The euro fell to $1.2482 from Friday's $1.2542. Against the yen, the dollar hit 79.56 from 79.47 yen.

In Tokyo, the Nikkei 225 index added 0.74 percent, 63.93 points, to 8,657.08.

In London, the FTSE 100 index gained 0.65 percent, 34.80, to 5,391.14.

BYD investigating electric car fire

SHENZHEN, China, May 29 (UPI) -- Chinese automaker BYD Co. said Tuesday it was investigating why an e6 electric car caught on fire after a fatal collision that killed three people.

"We are very sorry for the deaths and we are trying, of course, to find out why the car set on fire," said company spokesman Paul Lin.

The accident in Shenzhen, where the company is based, involved a Nissan GT-R reportedly going 112 mph when it crashed into an e6 taxi, killing the driver and two passengers.

The Los Angeles Times reported Tuesday that the accident sparked a huge reaction on social Web sites in China.

BYD shares dropped 5.9 percent Monday in Hong Kong and 2.6 percent in Shenzhen. They recovered most of the lost ground on Tuesday.

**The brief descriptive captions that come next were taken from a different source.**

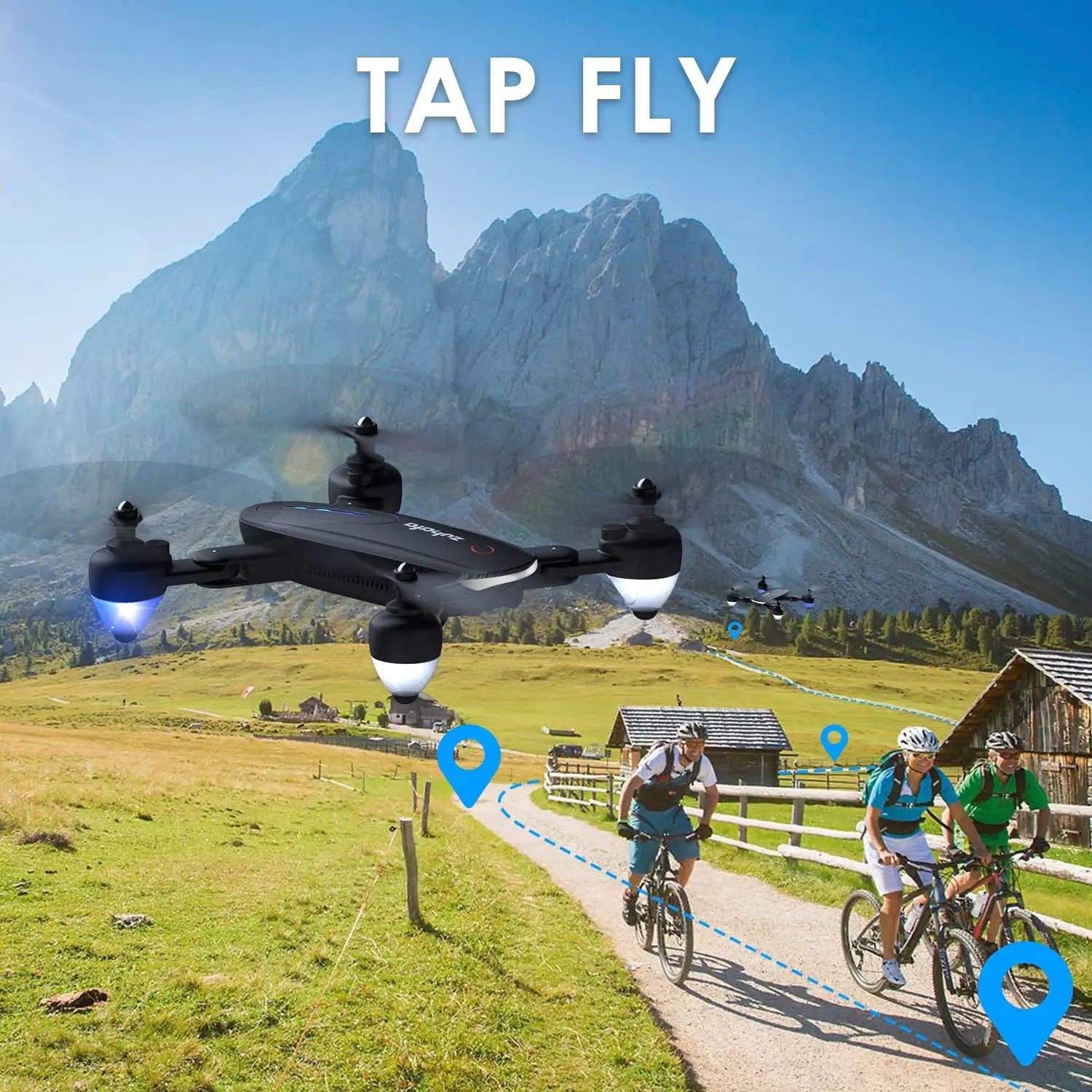 Zuhafa T4 Drone - with 1080P HD Camera for Adults and Kids,30-min Flight Time ,Gesture Control, Altitude Hold, Headless Mode, 3D Flips,RC Quadcopter with App FPV Video,2 Batteries,Carrying Case 5 Zuhafa T4 Drone - with 1080P HD Camera for Adults and Kids,30-min Flight Time ,Gesture Control, Altitude Hold, Headless Mode, 3D Flips,RC Quadcopter with App FPV Video,2 Batteries,Carrying Case - Image 5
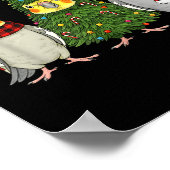 Retro Christmas Atiel Parrot Santa Reindeer  Poster (Ecke)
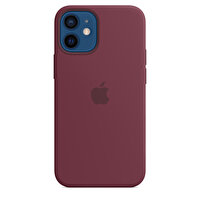 Apple iPhone 12 Mini MagSafe Özellikli Kırmızı Erik Silikon Kılıf MHKP3ZM/A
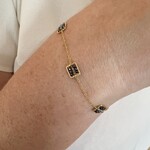 Michelle Pressler 14K Yellow Gold Overlay Zebra Mix (Black Spinel, Grey Zircon) Bracelet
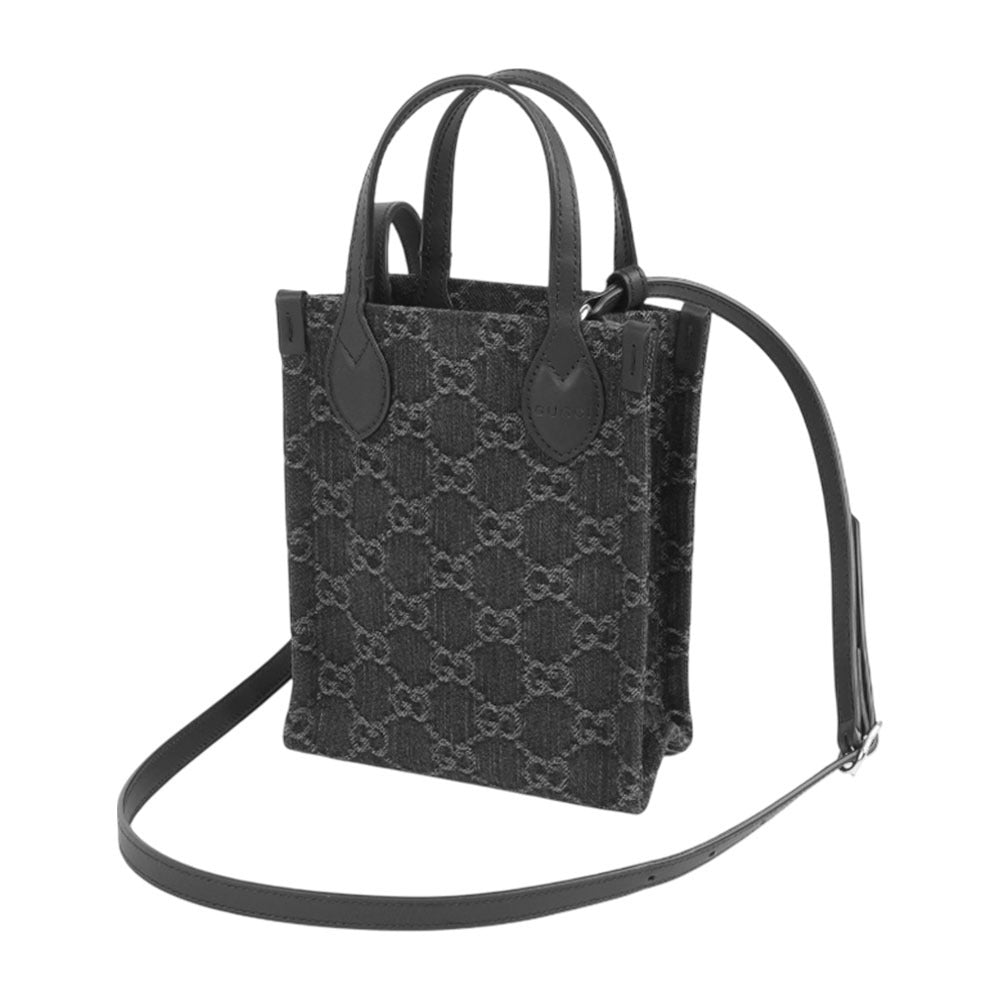 Gucci GG Denim Small Shoulder Bag Tote - Black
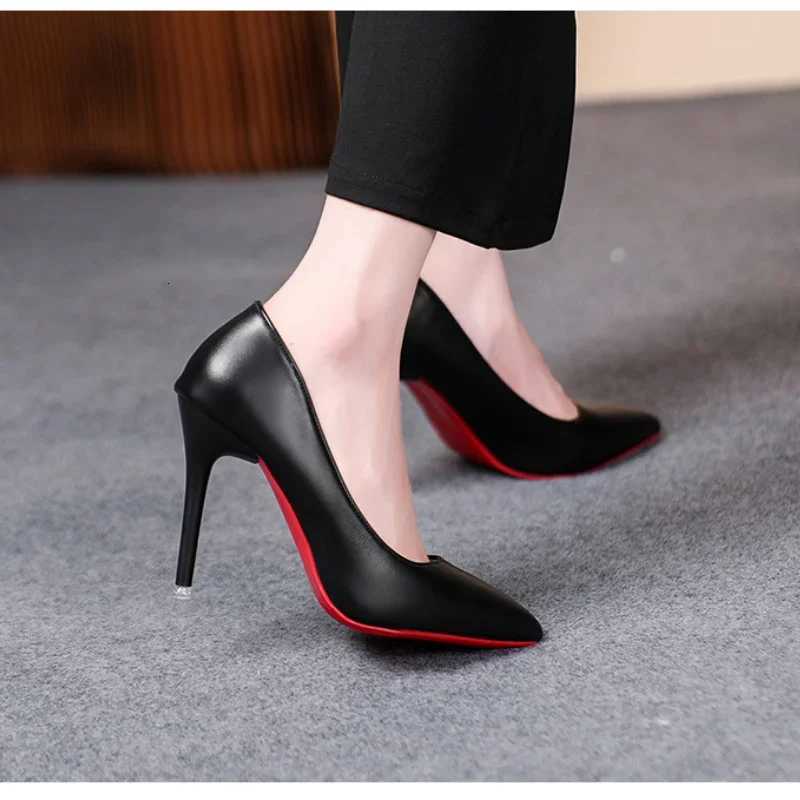 Sexy Fashion Womens Soft Leather Pumps Spring New Thin High Heels 2024 New Dress Shoes Ladies Stiletto Black Big Size Z251218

BYD started out as a battery company, but now includes making cars. Its investors include billionaire Warren Buffett, who purchased 10 percent of the company in 2009 for $230 million.

"When it comes to the technology itself and the reliability and safety of their cars, BYD has not been totally forthcoming with investors. They say 'trust us, we know what we're doing and Warren Buffet wouldn't invest in us unless we were the real deal,'" said Michael Dunne, head of automotive industry consulting firm Dunne & Co.

Garment union blames violence on company

PHNOM PENH, Cambodia, May 29 (UPI) -- A union leader in Cambodia has blamed clothing maker SL Garment for violence that broke out at a factory.

The union official said the company was trying to provoke violence as part of a campaign to smear the union.

"This is the company's trick, to be willing to provoke … severe violence and put all mistakes entirely on the workers," said Ath Thorn, president of the Coalition of Cambodian Apparel Workers' Democratic Union.

The Phnom Penh Post reported Tuesday about 5,000 union workers went back to work after a two-week strike at two Phnom Penh factories believing a document signed by the union, the government and the Garment Manufacturers Association in Cambodia Friday was a binding deal.

But the company backed away from the agreement after the workers returned to their jobs, the newspaper reported.

The agreement included pay for missing work during the strike and $7 per month for approved rent and travel expenses.

"In my years doing this sort of work, I've never come across a document which is thumb printed by all parties, the bona fide seal in Cambodia, and endorsed by a government representative, which refers to itself as an agreement within the document, but which after the fact is claimed to be no such thing," said Dave Welsh, country director of the American Center for International Labor Solidarity.

"The company said one thing and when implementing did the other -- this caused the workers to be angry and they continued their strike," union worker Rith Sineourn said.

The Post reported rocks were thrown at one factory and that one woman was hit in the head.

U.S. farmers say crops in good shape

WASHINGTON, May 29 (UPI) -- U.S. farmers reported the condition of corn fields, while in great shape overall, slipped slightly in the week ending Sunday.

In the week ending May 20, farmers reported 3 percent of the crop was in poor or very poor condition, while the rest was in fair, good or excellent condition.

In the most recent week, 6 percent of the crop was reportedly poor or very poor condition, the U.S. Department of Agriculture said in a weekly report delayed by the Memorial Day holiday.

Farmers report 97 percent of the cotton crop is in fair, good or excellent condition in the week ending Sunday.

Rice is 92 percent emerged with 88 percent reportedly in fair, good or excellent condition.

Farmers report 14 percent of the winter wheat crop is in poor or very poor condition. Five percent of the spring wheat crop, by farmer reports, is in poor or very poor condition. The rest is in fair, good or excellent shape.